> What the exercise asks: Print nothing beyond the line with "someone has a": every line from the beginning of the data up to it, that line included, and no pictures.

> Source data:
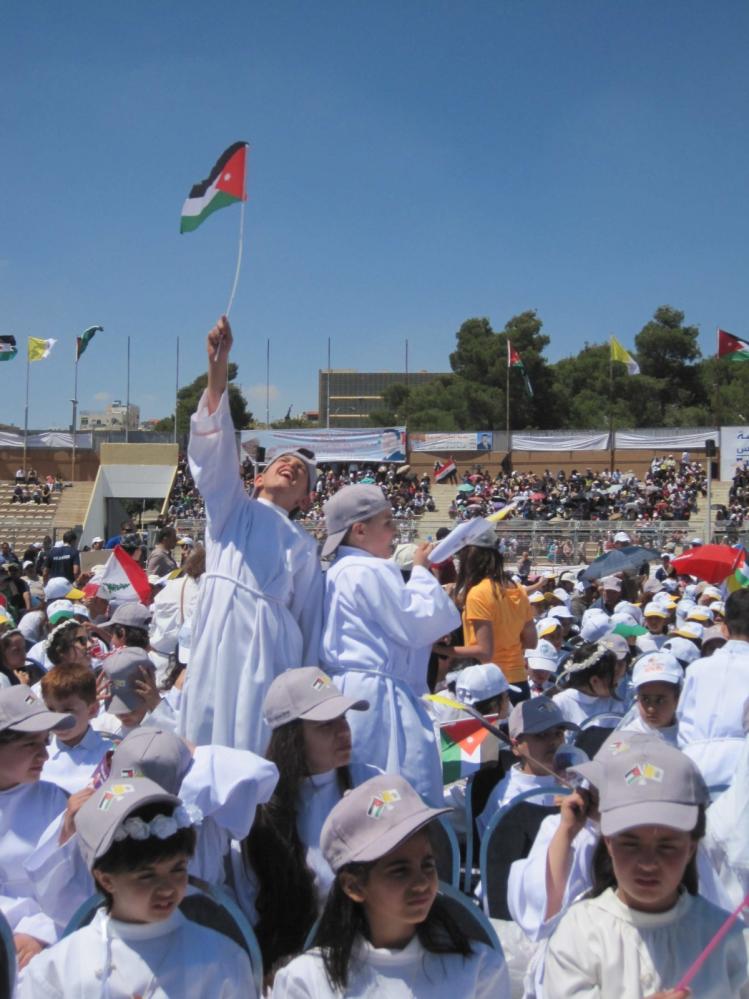A First Communicant waves a Jordan flag at the Pope's Mass in Amman.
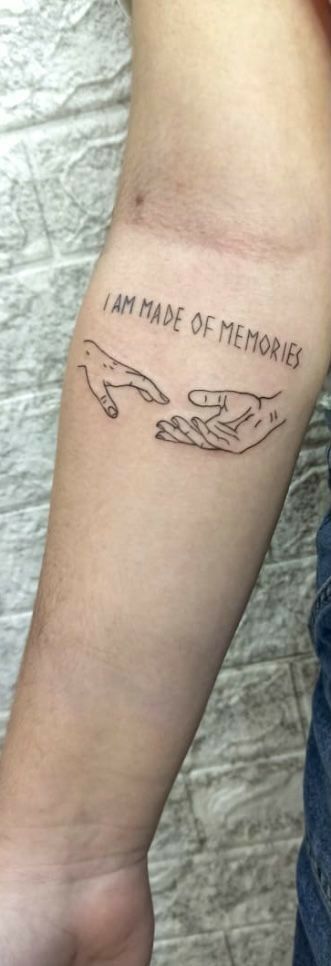 someone has a tattoo on their arm that says i am made of memories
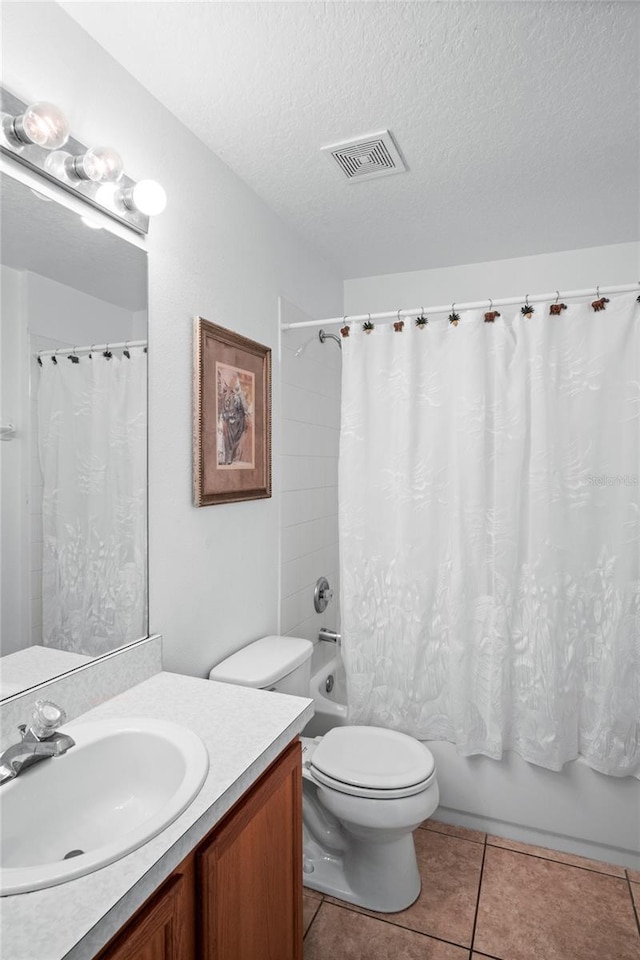 202 Aylesbury Ln, Davenport, FL 33837 - bathroom featuring visible vents, tile patterned flooring, vanity, shower / bath combination with curtain, and toilet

> Task result:
A First Communicant waves a Jordan flag at the Pope's Mass in Amman.
 someone has a tattoo on their arm that says i am made of memories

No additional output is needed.